▸ WORK INSTRUCTIONS: Line by line, reproduce exactly the beginning of the listing below, ending with the line that contains "Le volpi, in" and adding nothing.

[DATA SHOWN]

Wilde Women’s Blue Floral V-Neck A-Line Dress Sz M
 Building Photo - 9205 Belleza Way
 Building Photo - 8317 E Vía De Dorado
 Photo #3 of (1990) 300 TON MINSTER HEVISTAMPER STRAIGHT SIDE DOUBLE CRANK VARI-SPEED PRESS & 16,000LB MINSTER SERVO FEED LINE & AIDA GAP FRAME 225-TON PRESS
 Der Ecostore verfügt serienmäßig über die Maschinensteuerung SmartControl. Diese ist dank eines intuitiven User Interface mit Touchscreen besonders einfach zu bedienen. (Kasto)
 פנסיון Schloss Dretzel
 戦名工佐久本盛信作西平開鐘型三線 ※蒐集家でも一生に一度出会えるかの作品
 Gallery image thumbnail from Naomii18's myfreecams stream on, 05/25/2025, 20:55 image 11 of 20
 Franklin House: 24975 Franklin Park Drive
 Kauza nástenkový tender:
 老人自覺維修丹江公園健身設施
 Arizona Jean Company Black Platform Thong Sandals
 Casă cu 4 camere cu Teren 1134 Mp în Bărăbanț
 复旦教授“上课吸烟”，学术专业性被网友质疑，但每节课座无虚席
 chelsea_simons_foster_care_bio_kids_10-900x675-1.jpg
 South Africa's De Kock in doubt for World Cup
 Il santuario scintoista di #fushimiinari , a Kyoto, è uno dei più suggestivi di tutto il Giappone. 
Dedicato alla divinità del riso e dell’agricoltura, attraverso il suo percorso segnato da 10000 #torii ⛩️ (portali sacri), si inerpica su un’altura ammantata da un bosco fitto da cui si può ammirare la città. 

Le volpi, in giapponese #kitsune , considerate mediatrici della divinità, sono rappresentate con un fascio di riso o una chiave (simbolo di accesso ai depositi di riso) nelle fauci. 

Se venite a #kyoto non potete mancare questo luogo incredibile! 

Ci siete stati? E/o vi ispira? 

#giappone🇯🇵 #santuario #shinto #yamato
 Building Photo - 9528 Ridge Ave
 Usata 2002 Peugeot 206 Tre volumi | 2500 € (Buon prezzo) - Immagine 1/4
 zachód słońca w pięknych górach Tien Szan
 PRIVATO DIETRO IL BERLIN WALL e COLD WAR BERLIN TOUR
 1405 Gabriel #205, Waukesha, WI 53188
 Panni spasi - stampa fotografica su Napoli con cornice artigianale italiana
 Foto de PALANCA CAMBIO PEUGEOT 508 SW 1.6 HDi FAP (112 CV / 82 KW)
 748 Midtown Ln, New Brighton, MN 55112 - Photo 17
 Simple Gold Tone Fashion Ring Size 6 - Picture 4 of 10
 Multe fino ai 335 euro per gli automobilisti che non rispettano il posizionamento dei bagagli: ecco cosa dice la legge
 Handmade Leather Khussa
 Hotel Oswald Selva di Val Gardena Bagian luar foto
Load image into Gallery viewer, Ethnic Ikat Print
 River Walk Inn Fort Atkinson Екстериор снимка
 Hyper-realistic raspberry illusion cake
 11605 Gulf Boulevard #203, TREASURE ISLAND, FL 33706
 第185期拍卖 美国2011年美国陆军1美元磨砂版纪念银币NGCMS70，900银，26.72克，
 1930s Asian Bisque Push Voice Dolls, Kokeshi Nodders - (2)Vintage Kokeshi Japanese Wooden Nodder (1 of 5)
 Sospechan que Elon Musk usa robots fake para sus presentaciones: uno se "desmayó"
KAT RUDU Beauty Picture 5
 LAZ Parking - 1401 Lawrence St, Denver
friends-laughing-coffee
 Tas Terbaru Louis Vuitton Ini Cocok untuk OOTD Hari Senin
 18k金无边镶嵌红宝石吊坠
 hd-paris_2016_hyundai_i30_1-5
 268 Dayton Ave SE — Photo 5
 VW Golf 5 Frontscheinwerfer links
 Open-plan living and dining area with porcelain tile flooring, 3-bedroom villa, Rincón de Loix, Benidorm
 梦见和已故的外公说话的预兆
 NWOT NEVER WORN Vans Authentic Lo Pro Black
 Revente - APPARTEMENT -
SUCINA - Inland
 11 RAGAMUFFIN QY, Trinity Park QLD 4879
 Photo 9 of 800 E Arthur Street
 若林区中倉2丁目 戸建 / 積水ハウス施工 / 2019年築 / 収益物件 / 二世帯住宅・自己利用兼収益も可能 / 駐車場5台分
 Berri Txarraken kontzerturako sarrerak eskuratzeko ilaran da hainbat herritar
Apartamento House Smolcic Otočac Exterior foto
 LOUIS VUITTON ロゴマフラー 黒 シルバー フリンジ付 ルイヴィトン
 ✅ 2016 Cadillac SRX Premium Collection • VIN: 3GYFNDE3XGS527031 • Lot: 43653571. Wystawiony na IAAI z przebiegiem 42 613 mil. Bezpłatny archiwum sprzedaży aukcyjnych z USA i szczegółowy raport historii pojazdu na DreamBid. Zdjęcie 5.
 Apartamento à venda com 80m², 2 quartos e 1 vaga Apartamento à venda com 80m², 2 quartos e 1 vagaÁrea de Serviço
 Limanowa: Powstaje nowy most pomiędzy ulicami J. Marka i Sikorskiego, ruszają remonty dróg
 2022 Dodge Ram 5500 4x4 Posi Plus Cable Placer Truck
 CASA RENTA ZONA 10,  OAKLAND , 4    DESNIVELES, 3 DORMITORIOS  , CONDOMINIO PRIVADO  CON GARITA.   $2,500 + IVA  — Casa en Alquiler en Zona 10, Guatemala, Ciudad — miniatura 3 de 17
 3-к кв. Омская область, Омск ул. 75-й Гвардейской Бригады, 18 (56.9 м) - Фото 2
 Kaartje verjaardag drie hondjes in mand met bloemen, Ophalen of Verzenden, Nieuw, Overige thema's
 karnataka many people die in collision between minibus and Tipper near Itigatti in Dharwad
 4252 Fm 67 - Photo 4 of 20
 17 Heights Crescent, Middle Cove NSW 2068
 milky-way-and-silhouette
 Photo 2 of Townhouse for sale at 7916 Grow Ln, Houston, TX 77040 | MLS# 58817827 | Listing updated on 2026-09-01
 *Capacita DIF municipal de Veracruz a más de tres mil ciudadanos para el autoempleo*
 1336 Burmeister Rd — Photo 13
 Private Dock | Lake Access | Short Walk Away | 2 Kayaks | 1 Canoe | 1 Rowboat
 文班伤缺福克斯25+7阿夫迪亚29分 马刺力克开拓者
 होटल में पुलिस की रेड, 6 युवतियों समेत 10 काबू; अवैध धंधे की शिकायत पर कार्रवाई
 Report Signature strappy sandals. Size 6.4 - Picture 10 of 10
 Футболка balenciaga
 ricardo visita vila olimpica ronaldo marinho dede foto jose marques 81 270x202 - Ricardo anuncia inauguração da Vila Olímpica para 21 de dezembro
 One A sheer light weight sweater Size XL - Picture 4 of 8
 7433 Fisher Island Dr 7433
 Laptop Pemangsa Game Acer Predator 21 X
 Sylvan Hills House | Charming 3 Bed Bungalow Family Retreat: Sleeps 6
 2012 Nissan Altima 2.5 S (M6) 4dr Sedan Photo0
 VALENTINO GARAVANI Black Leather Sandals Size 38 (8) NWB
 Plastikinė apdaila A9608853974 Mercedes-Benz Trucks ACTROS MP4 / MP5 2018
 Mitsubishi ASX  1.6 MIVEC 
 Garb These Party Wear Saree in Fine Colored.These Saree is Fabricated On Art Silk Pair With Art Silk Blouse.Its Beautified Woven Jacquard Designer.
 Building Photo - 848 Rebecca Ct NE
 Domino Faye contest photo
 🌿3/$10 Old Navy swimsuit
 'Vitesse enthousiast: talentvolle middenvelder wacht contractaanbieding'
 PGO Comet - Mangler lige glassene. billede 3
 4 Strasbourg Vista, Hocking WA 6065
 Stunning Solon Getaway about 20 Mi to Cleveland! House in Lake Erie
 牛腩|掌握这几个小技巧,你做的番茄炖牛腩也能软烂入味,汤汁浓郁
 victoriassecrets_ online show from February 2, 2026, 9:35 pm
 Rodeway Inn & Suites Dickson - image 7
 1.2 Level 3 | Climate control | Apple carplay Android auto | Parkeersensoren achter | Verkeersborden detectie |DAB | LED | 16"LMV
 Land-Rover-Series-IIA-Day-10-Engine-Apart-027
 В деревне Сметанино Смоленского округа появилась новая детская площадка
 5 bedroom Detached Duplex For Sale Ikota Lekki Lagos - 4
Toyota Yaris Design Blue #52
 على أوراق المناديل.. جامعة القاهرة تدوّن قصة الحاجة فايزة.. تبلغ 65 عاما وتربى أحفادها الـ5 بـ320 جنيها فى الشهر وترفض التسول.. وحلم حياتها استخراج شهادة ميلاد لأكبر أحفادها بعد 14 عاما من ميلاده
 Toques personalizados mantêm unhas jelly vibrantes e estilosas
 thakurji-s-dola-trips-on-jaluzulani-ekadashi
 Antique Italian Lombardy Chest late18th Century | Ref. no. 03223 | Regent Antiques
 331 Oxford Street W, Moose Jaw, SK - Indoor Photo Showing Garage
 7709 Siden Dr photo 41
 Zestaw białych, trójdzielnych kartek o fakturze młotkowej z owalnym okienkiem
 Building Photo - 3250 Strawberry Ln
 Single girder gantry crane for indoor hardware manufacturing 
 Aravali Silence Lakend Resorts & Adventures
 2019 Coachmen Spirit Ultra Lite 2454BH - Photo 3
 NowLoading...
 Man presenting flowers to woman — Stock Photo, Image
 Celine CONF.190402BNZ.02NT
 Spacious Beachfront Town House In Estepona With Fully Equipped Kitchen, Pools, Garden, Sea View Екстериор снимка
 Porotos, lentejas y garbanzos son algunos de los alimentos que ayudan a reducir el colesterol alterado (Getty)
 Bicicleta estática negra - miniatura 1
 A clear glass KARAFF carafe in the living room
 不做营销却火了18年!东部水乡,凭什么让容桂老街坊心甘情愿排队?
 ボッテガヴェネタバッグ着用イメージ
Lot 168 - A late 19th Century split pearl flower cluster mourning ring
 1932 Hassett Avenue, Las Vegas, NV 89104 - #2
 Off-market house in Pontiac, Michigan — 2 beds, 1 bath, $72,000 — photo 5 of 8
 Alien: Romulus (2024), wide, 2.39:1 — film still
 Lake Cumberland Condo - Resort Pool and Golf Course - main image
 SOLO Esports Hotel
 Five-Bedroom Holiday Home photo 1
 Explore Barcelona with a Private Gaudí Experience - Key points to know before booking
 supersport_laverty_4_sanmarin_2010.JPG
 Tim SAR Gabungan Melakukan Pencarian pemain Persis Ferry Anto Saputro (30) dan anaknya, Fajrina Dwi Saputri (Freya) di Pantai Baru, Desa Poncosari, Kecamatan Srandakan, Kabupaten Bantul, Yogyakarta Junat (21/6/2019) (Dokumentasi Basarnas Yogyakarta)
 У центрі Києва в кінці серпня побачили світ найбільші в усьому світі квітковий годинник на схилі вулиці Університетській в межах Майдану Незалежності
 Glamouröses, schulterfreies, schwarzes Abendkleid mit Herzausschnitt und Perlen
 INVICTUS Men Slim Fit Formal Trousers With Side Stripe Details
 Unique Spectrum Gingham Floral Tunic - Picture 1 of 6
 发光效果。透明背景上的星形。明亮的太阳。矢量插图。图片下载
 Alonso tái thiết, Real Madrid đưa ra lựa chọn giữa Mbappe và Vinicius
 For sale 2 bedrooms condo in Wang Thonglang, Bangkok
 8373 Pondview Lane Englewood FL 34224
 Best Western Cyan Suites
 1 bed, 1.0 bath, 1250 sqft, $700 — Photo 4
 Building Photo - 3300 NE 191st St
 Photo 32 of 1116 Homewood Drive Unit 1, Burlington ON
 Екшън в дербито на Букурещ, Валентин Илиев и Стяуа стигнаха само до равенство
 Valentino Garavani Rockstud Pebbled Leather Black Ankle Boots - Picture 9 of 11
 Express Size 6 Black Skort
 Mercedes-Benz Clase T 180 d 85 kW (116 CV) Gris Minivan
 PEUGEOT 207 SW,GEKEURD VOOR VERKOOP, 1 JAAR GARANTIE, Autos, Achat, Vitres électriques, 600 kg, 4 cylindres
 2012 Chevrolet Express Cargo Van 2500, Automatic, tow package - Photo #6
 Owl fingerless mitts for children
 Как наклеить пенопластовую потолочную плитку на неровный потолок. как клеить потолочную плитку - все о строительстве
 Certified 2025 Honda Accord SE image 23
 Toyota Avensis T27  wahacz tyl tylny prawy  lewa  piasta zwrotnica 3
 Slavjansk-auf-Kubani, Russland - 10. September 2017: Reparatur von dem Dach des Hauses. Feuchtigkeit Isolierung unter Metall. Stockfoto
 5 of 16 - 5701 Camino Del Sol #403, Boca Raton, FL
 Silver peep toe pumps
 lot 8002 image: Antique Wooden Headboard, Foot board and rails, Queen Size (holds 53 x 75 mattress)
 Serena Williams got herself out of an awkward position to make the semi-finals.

[/DATA SHOWN]

▸ ANSWER SECTION:
Wilde Women’s Blue Floral V-Neck A-Line Dress Sz M
 Building Photo - 9205 Belleza Way
 Building Photo - 8317 E Vía De Dorado
 Photo #3 of (1990) 300 TON MINSTER HEVISTAMPER STRAIGHT SIDE DOUBLE CRANK VARI-SPEED PRESS & 16,000LB MINSTER SERVO FEED LINE & AIDA GAP FRAME 225-TON PRESS
 Der Ecostore verfügt serienmäßig über die Maschinensteuerung SmartControl. Diese ist dank eines intuitiven User Interface mit Touchscreen besonders einfach zu bedienen. (Kasto)
 פנסיון Schloss Dretzel
 戦名工佐久本盛信作西平開鐘型三線 ※蒐集家でも一生に一度出会えるかの作品
 Gallery image thumbnail from Naomii18's myfreecams stream on, 05/25/2025, 20:55 image 11 of 20
 Franklin House: 24975 Franklin Park Drive
 Kauza nástenkový tender:
 老人自覺維修丹江公園健身設施
 Arizona Jean Company Black Platform Thong Sandals
 Casă cu 4 camere cu Teren 1134 Mp în Bărăbanț
 复旦教授“上课吸烟”，学术专业性被网友质疑，但每节课座无虚席
 chelsea_simons_foster_care_bio_kids_10-900x675-1.jpg
 South Africa's De Kock in doubt for World Cup
 Il santuario scintoista di #fushimiinari , a Kyoto, è uno dei più suggestivi di tutto il Giappone. 
Dedicato alla divinità del riso e dell’agricoltura, attraverso il suo percorso segnato da 10000 #torii ⛩️ (portali sacri), si inerpica su un’altura ammantata da un bosco fitto da cui si può ammirare la città. 

Le volpi, in giapponese #kitsune , considerate mediatrici della divinità, sono rappresentate con un fascio di riso o una chiave (simbolo di accesso ai depositi di riso) nelle fauci. 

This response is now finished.